Permanere nell’unzione

Il Salmo 88 che abbiamo appena recitato ci parla del «per sempre» dell’unzione: «Ho unto Davide, mio servo, con l’olio santo, affinché la mia mano sia sempre con Lui». L’unzione del Signore è «fedeltà e amore che ci accompagnano» nel corso della nostra vita sacerdotale. Forse san Giovanni esprime ancora meglio il carattere permanente dell’unzione: «l’unzione che avete ricevuto da Lui rimane in voi e non avete bisogno che alcuno vi ammaestri» (1 Gv 2,27).
L’unzione permane in noi, ci imprime carattere, e noi permaniamo in lei poiché: «Questa unzione li istruisce in tutto ed è vera e non mente, dimora in Lui, come lei gli insegna».
Permanere nell’unzione, che ci insegna interiormente come permanere in amicizia con Gesù.

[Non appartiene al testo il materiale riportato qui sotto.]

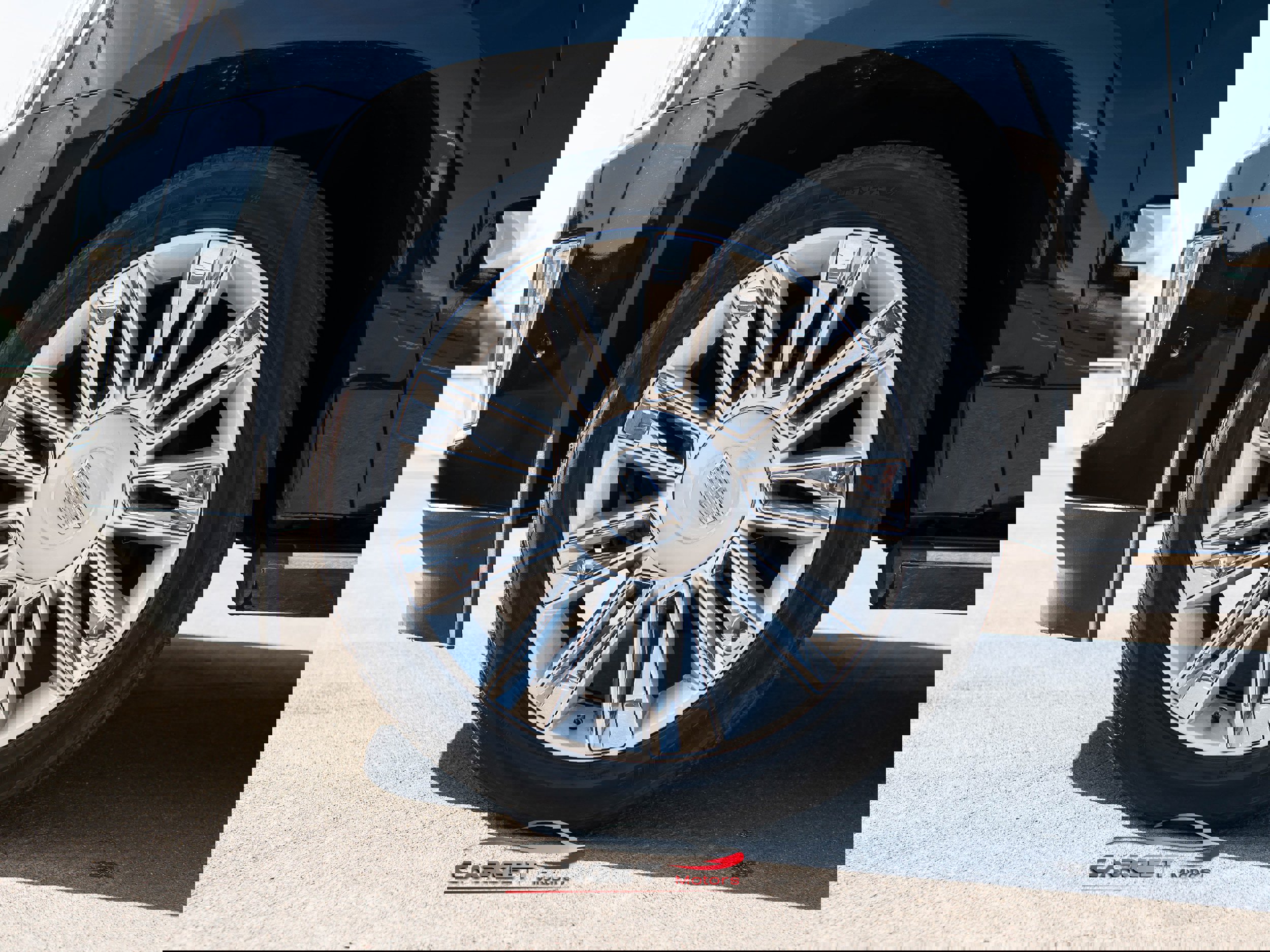 Used 2020 Cadillac Escalade ESV Platinum image 9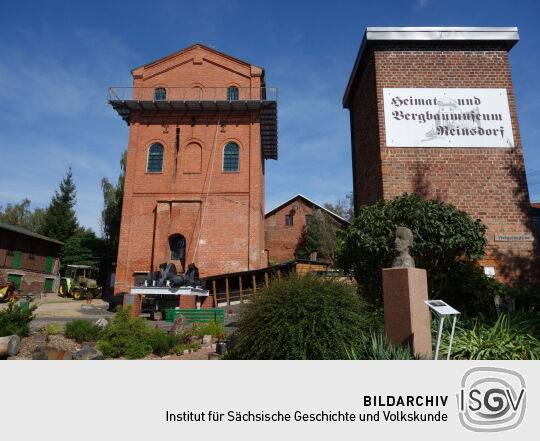 Der zum Aussichtsturm umgestaltete Förderturm im Heimat- und Bergbaumuseum in Reinsdorf bei Zwickau.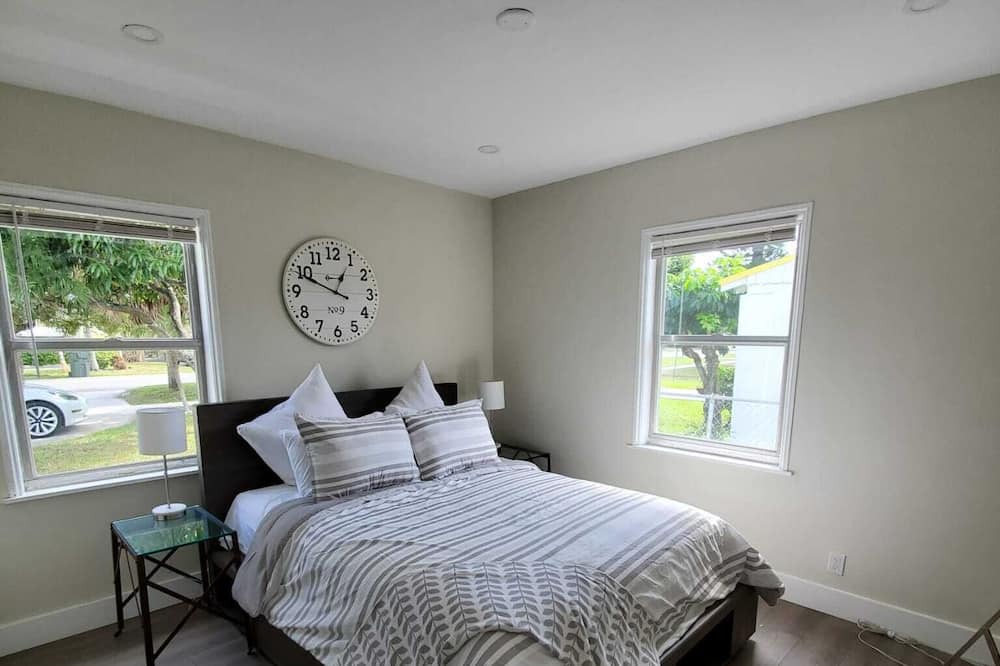 Photo of Bedroom in Delray Beach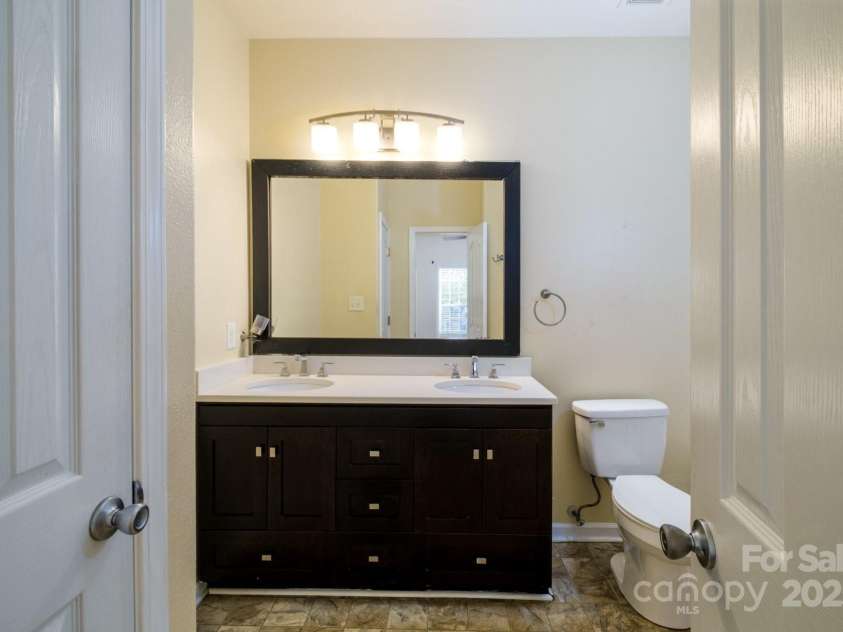 11630 Lioness Street, Charlotte, NC 28273.  MLS# CAR4244281, YatesRealty ID 5352. 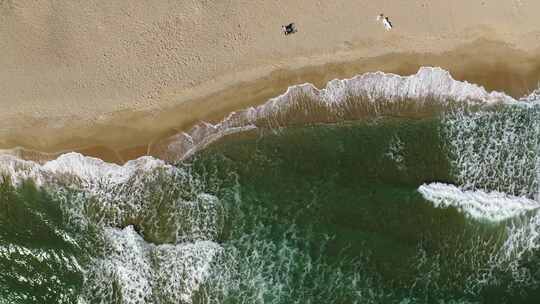 在海浪和沙滩之上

Faremo bene a chiederci: che cosa ci aiuta a permanere nell’unzione? Come sperimentare la sua gioia, come sentire che ci rende forti, rendendo soave e sopportabile la croce, come viverla come uno scudo contro le tentazioni e come balsamo sulle ferite? Che cosa ci aiuta a depotenziarla, a non perdere il sale, a mantenere ardente il fervore? Come evitare di unirsi alla lista di coloro che finiscono male e non permangono nell’unzione: Saul, Esaù, Salomone? In risposta, poco prima, nella stessa lettera, Giovanni fornisce la chiave: «Chi dice di dimorare in Cristo deve comportarsi come Lui si è comportato» (1 Gv 2,6).

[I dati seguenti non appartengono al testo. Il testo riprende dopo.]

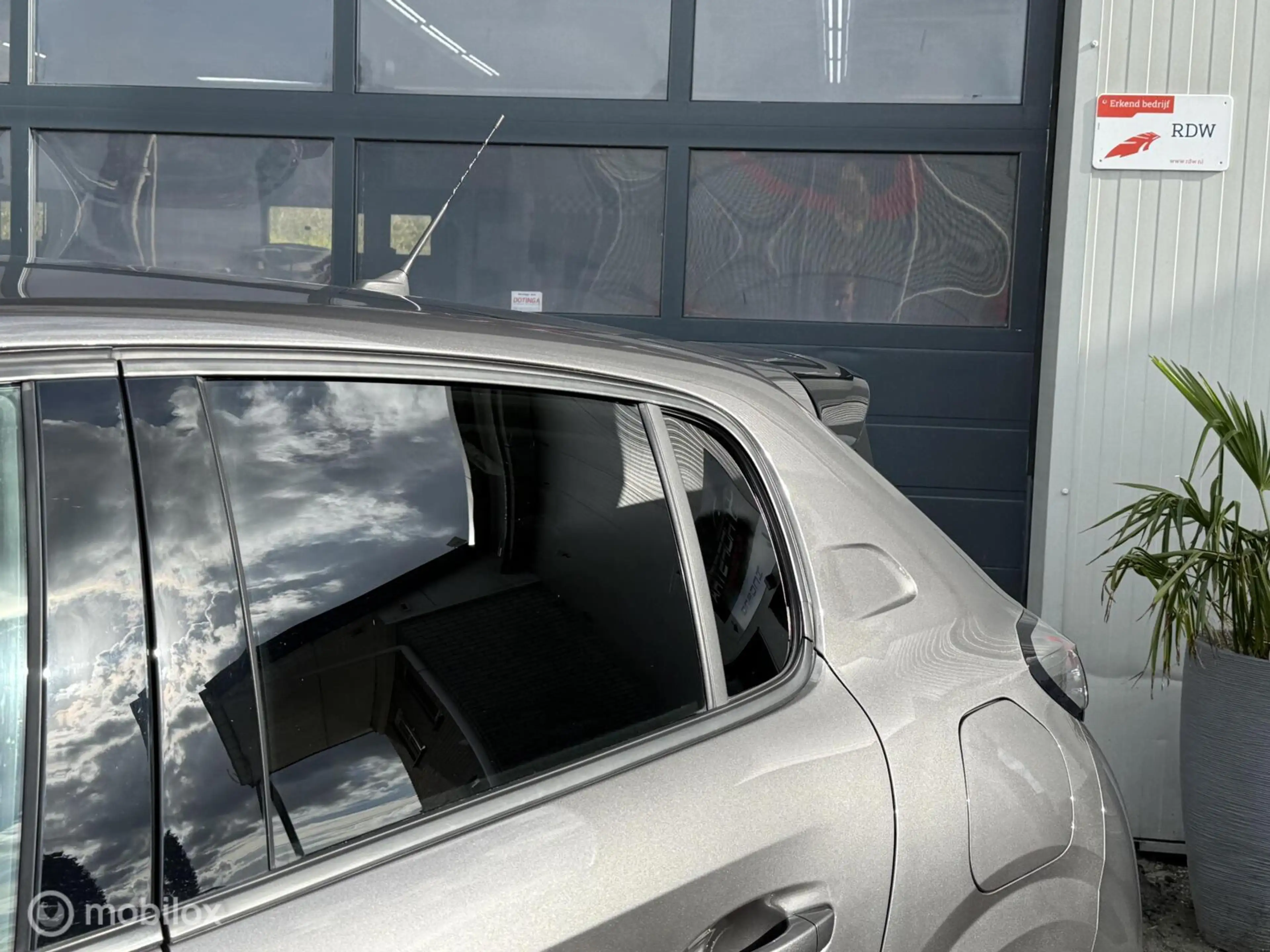 Peugeot 208 1.2 PureTech Allure Pack Aut. Camera 131PK! Riem-V — photo 10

Permanere nell’unzione allora non significa mettere «la faccia dei santini» o mantenere una postura estatica; significa «andare», l’andare di cui parla Giovanni (periepatesen) è lo stesso di tutti i paralitici guariti dal Vangelo, che si alzavano di colpo e camminavano con la loro barella sulle spalle e seguivano il Signore; è l’avanzare di Pietro verso Gesù, camminando sulle acque, simbolo dell’uomo che cammina nella fede, che «abbandona tutte le sicurezze e avanza verso ciò che si raggiunge solo con la grazia» (von Balthasar). Così è: per rimanere nell’unzione si deve camminare, bisogna uscire e camminare come camminava Cristo.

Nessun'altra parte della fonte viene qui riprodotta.